Cineclubes: espaços de organização do público e de resistência SVG: calendario Publicada em 29/06/2022 SVG: views 2883 Visualizações

O desenvolvimento do “cinema” em fábricas e laboratórios (iniciativa de empresários como Edison e os Lumière) fez com que este fosse sendo aprimorado como produto de mercado em máquinas ainda rudimentares e em projeções pagas; o cinema se desenvolvia como as relações de produção, visando o lucro. O pesquisador Felipe Macedo definiu como “institucionalização do cinema” o processo iniciado com a proliferação das salas fixas a partir de 1905, os nickelodeons — salas que apresentavam programas sucessivos a preços populares. Esse público em formação, se adaptando à uma linguagem inovadora, pela primeira vez incorporava a mulher e a criança no espaço público. Tido e visto como vulgar e ambiente perigoso pelas elites, esse público era composto basicamente pela classe operária e pelos imigrantes.

No mesmo processo do rápido surgimento e institucionalização do cinema, tendo por marco a sessão dos irmãos Lumiéré do dia 28 de dezembro de 1895 no Salon Indien - Grand Café, e da estruturação progressiva da organização das lutas operárias na França (a Confédération Générale du Travail – CGT criada em setembro de 1895), ocorre o fenômeno da “organização de público” para a apropriação dos filmes enquanto bem comum.

Os espaços de “organização do público” são os cineclubes e estes estão diretamente ligados em sua origem ao movimento operário francês no período de 1895 a 1914. Os militantes do movimento operário (majoritariamente de inspiração anarquista) tomaram consciência para a importância do domínio do cinema e por isso criaram pioneiramente a cooperativa Cinema do Povo, em outubro de 1913. Era a primeira organização que envolveu o domínio do tripé cinematográfico: produção, distribuição e exibição de filmes em um circuito não comercial.

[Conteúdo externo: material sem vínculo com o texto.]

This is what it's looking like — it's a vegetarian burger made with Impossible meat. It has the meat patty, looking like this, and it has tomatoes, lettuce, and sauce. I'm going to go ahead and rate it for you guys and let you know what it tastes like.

A cooperativa Cinema do Povo desenvolveu práticas cineclubistas com projeções periódicas, debates, conferências e, por fim, buscou a criação de uma produção de cinema própria ligada às necessidades do proletariado. O Cinema do Povo foi uma das primeiras organizações do público estruturada como um cineclube (associação democrática sem fins lucrativos e com o projeto de, através do cinema, garantir ao público acesso e participação na construção de um cinema que o representasse) cujo lema ilustra as tarefas do cineclube: "Divertir, instruir, emancipar."

Assim, o cineclubismo se estabeleceu, como uma rede não comercial de exibições e de resposta à imposição de um público consumidor formado por espectadores. Diferentemente dos clubes de cinema (que proliferaram a partir dos anos 20) os cineclubes se constituem em espaços para o exercício de direitos culturais - que são direitos fundamentais, portanto, essenciais à própria existência. O que distingue o cineclube dos espaços formais de exibição é a valorização do fato de que nas criações audiovisuais, cinema sem público inexiste.

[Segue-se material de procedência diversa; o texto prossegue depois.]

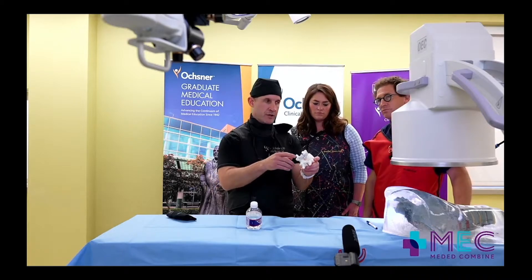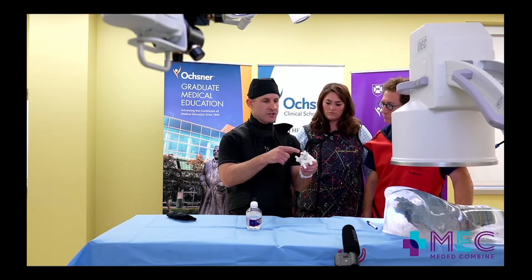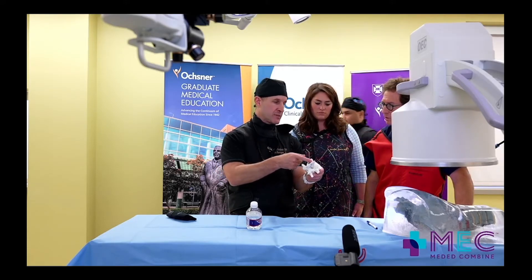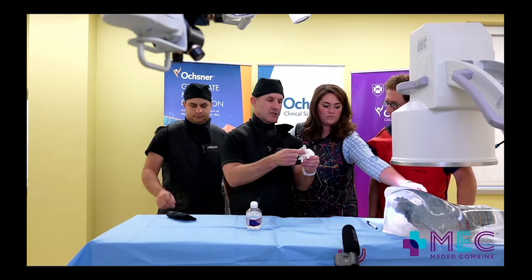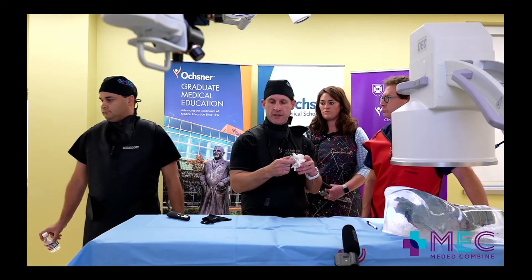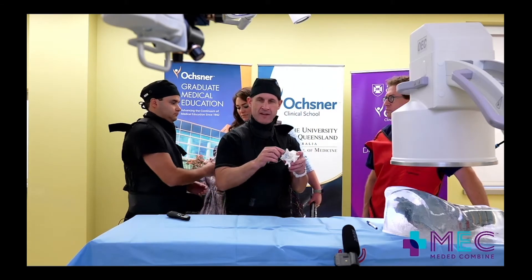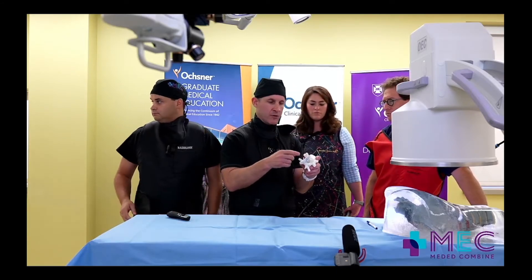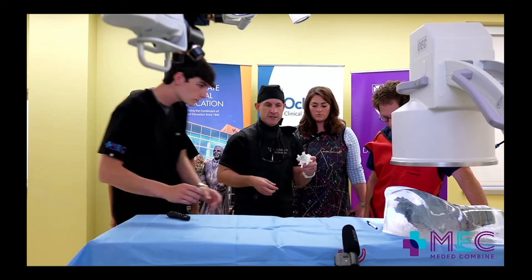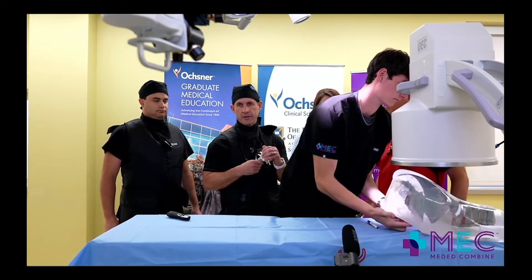If you look at this model, you'll notice — and Dr. Goodman did an amazing job going very anterior — where is the strongest part of the bone? Is it at the tip of the spinous process or right at the spinal laminar junction? Right at that junction. So we're going in very anteriorly. I'm not aware of any spinous process fractures in studies or in clinical medicine with this device because of that. Because we're coming in laterally, we're not putting any stress on the posterior element of the spinous process. So I don't think osteoporosis needs to be a rule-out or contraindication.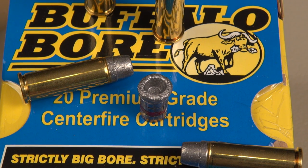This is the type of load that I might consider carrying, and hope that in the unlikely event that I had to use it, the law of averages is in my favor. Thanks for watching.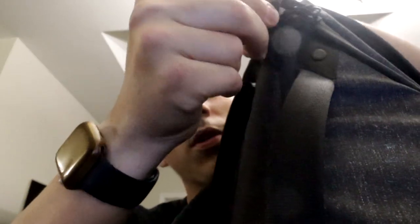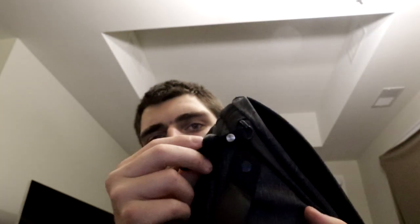Another thing I like is this little black tab right here — you can thread the zipper pull through it so nobody can pull the zipper down and get into the bag. There's one on the bottom section too, which is great for security.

Um dos papéis da prática cineclubista é o despertar de uma consciência crítica frente à obra audiovisual, inserindo o público em um espaço organizado de apropriação dos sentidos da obra. Depois, a própria ocupação do espaço coletivo viabilizado pelo cineclube em contraposição à passividade individual do espectador frente à televisão ou ao cinema comercial. Se as salas de cinema comercial são inacessíveis e obedecem à lógica do mercado com necessidades de um circuito comercial e o consumo domiciliar se estabelece na esfera da individualização não atendendo ou não dialogando com as dinâmicas e práticas culturais locais, são os cineclubes que estabelecem esse contato com práticas de lazer, com a construção do conhecimento, com o debate e a interpretação dos conteúdos exibidos e o confronto com as políticas públicas ligadas à cultura e à educação.

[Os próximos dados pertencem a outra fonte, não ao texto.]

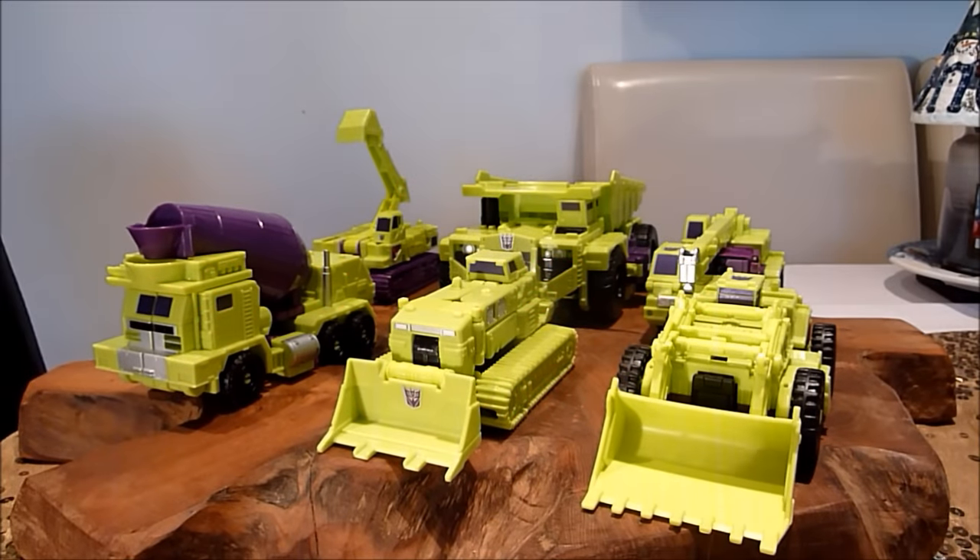Hello there everybody, this is Graham, the Collector 75. Welcome to another Transformers Combiner Wars review.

Ao democratizar o acesso a bens culturais materiais (o produto fílmico em si) e imateriais (a da fruição cultural e os sentidos a ela dados), os cineclubes assumem uma dimensão político cultural na medida em que atuam em conformidade com as necessidades e aspirações do público (que é resultado das identidades locais), formam e ressignificam gostos e olhares, viabilizam o acesso à cultura através das inúmeras possibilidades de utilização do conteúdo audiovisual, o qual confronta realidades sociais, culturais e políticas exteriores.

Os cineclubes concretizam direitos fundamentais, o direito ao acesso a bens culturais imateriais e o direito de participação na vida cultural; não concorrem com a exibição comercial (se não há salas de cinema quem garante o acesso?); equilibram o direito patrimonial e o interesse público; colaboram na educação cultural na medida em que ninguém faz filme sem ver filmes; e são elementos na garantia da democratização cultural, pois pressupõem exposição às obras artísticas.

Até hoje (e em Santa Maria são dois cineclubes em atividade: Lanterninha Aurélio desde 1978 na Cooperativa dos Estudantes de Santa Maria/Cesma e Cineclube da Boca da UFSM, desde 2016), a prática cineclubista busca garantir acesso de filmes e conteúdos que não os veiculados pelas grandes distribuidoras: curtas e médias metragens, filmografias asiáticas, africanas, latinas..., documentários, animações, filmes experimentais, vídeo-art, produções de realizadores locais; produções que não vendem seus direitos comerciais pelo simples fato de que esse tipo de produto audiovisual não tem mercado, ou não tem exploração comercial que chame a atenção das grandes empresas de entretenimento.

O papel dos cineclubes no Brasil atual assume uma importância fundamental ao não apenas democratizar o acesso a produtos audiovisuais, mas, e aí está seu potencial transformador, criar um espaço base para a organização do público em cada comunidade, sujeitos de sua história e não consumidores passivos e inertes frente ao caos e à crise civilizatória porque passamos.